Page history last edited by Joe Redish 10 years, 5 months ago

FrontPage > Current Projects


COMPLETED PROJECTS

Here are the names and descriptions for projects we have been involved with in the past...

 

 

Toward a New Conceptualization of What Constitutes Progress in Learning Physics, K-16: Resources, Frames, and Networks

An NSF (ROLE) supported project (2005-2008). The long title describes what we're after (the new conceptualization) and the theoretical bases from which we hope to build it. The core idea is that students of all ages have a rich variety of cognitive resources for reasoning about the physical world, resources they use in different ways depending on the circumstances.

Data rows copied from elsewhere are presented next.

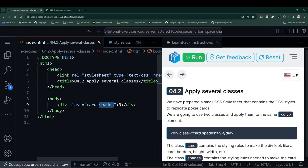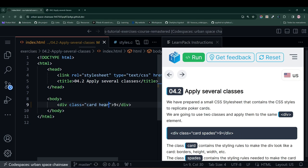Instead of spades, I put heart, just as the LearnPack exercise is telling us to do. Let's hit the Run button, and notice that it changed.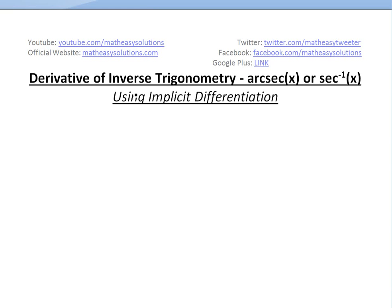Hi, it's time for another math easy solution to discuss a little further into inverse trigonometry and basically look at the derivative of arc secant or inverse secant of x, using implicit differentiation.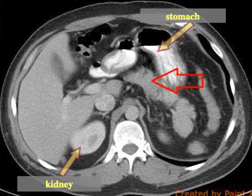There's some white material in the stomach anterior to the pancreas, and that's contrast that the patient has drank. It's usually a barium solution that the patient has drank right before the CT scan.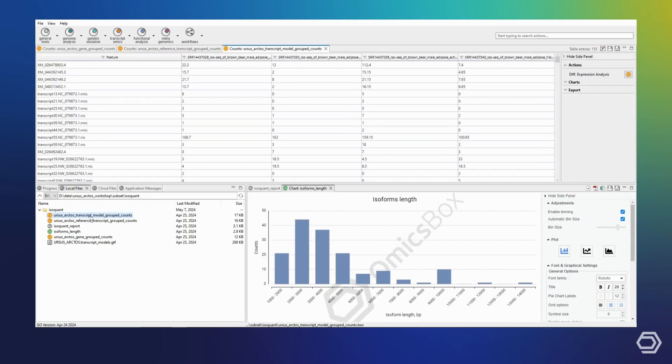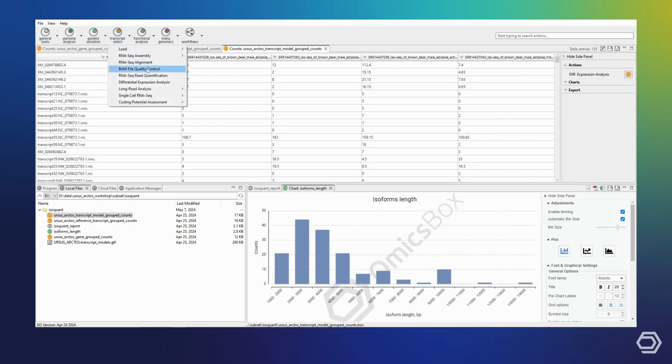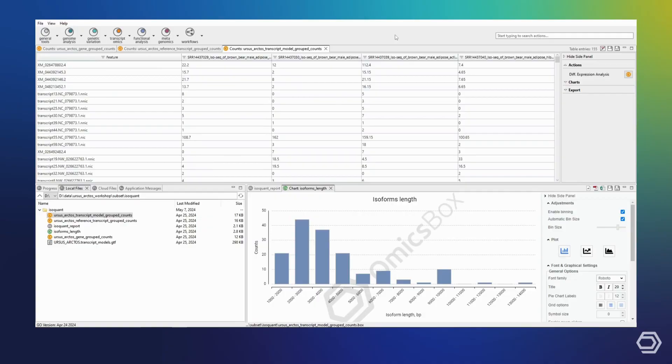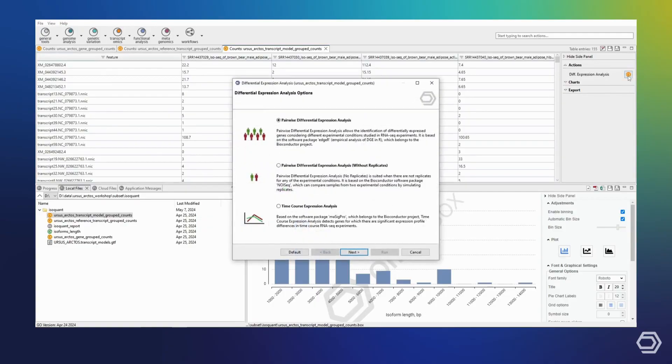All of these quantification files are separated by sample into four columns. From this point, you could continue by either running SQANTI3 within OmicsBox to perform quality control on our newly defined transcriptome and further refine it, or we can perform differential expression analysis based on our quantification results.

We're interested to understand how students extend and refine these resources and how they use them. (D. Hammer, PI)

 

Developing conceptual and teaching expertise in physics graduate students:

An integrated approach

Many physics educational reforms depend on graduate teaching assistants (TAs) to deliver instruction to small groups of students working on issues in conceptual physics. But many physics TAs have difficulties both with the content knowledge (conceptual physics) and the pedagogical content knowledge (assumptions about how students learn). In this project we will create a professional development seminar to help TAs develop sophisticated teaching practices, and research the ways in which taking our seminar and teaching in a reformed introductory physics course bring about changes in their approaches to teaching. (R. E. Scherr, PI)

 

Learning the Language of Science:

Advanced Math for Concrete Thinkers

An NSF (DUE/DTS) supportedproject (2005-2009). A project to study and model student difficulties with applying advanced mathematics in physics. A critical issue is the integration of modeling, interpretation, and evaluation skills with the more commonly stressed math processing skills. (E. F. Redish, PI)

 

What influences teachers' modifications of curriculum?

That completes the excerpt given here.